No pictures go into the copy. Write out exactly the lines below from the one containing "Model wearing a" through the one containing "Peinture sur verre - Tigre".

▶ Raw data

━━━━━━━━━━━━━━━━━━━━━━━━━━━━━━

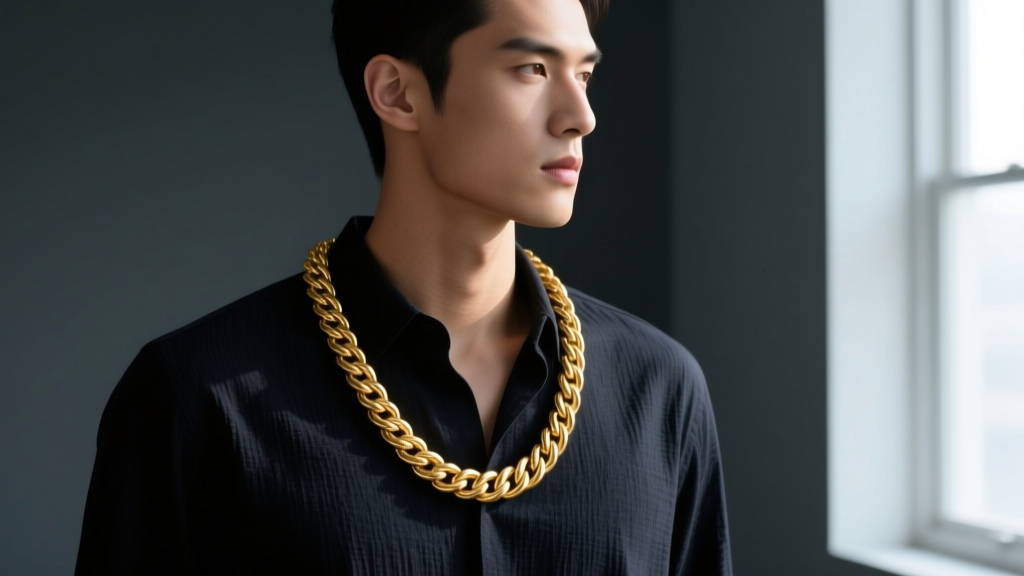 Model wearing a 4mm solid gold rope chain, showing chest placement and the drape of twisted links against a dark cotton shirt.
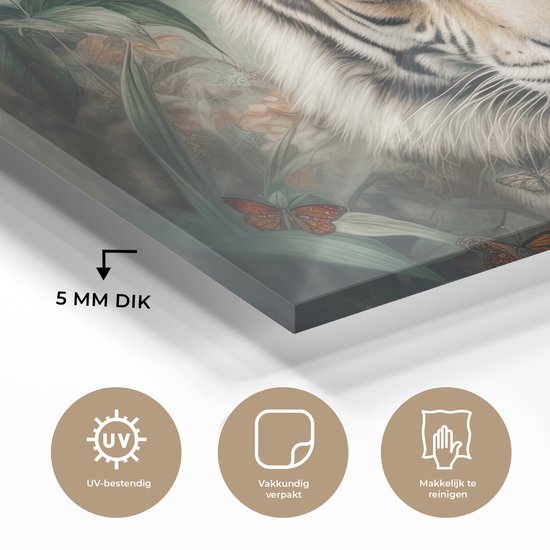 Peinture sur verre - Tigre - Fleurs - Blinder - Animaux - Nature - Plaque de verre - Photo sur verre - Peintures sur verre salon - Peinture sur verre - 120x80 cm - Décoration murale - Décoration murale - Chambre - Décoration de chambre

━━━━━━━━━━━━━━━━━━━━━━━━━━━━━━

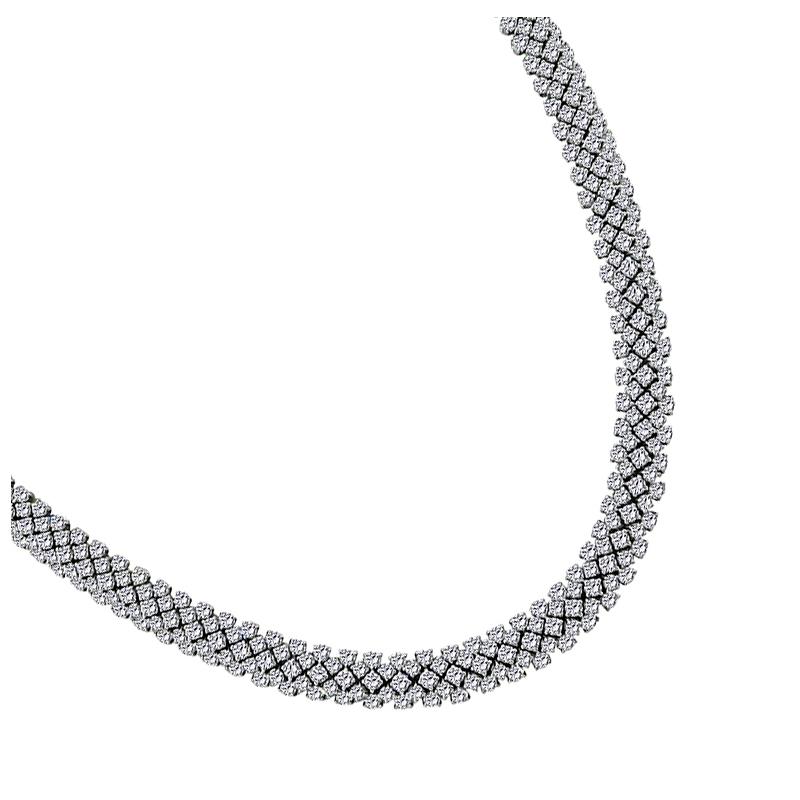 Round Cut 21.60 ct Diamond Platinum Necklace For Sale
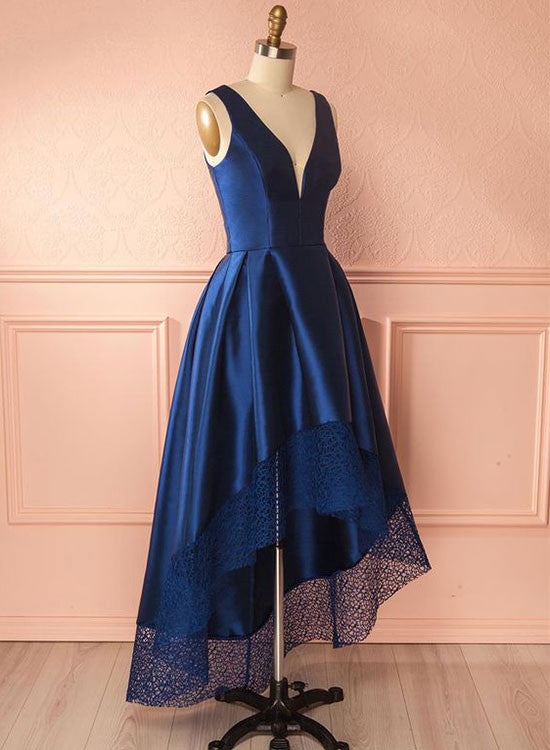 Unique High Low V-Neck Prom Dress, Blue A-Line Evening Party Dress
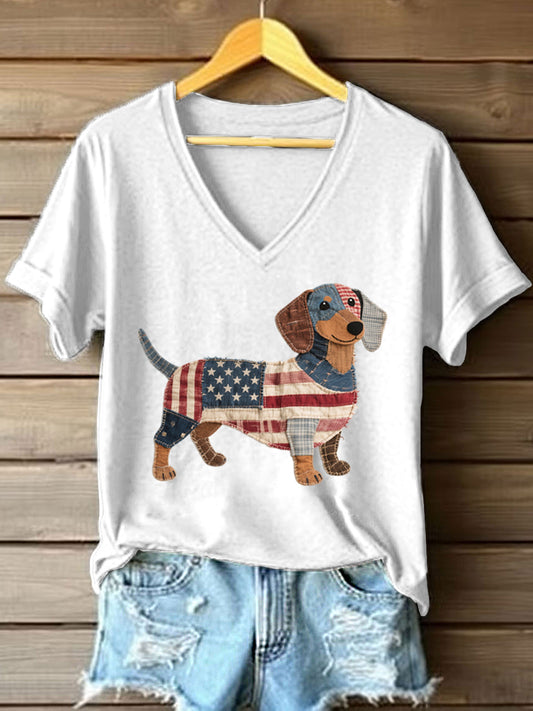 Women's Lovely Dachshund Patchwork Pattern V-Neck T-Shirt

━━━━━━━━━━━━━━━━━━━━━━━━━━━━━━

▶ Solution for this exercise
 Model wearing a 4mm solid gold rope chain, showing chest placement and the drape of twisted links against a dark cotton shirt.
 Peinture sur verre - Tigre - Fleurs - Blinder - Animaux - Nature - Plaque de verre - Photo sur verre - Peintures sur verre salon - Peinture sur verre - 120x80 cm - Décoration murale - Décoration murale - Chambre - Décoration de chambre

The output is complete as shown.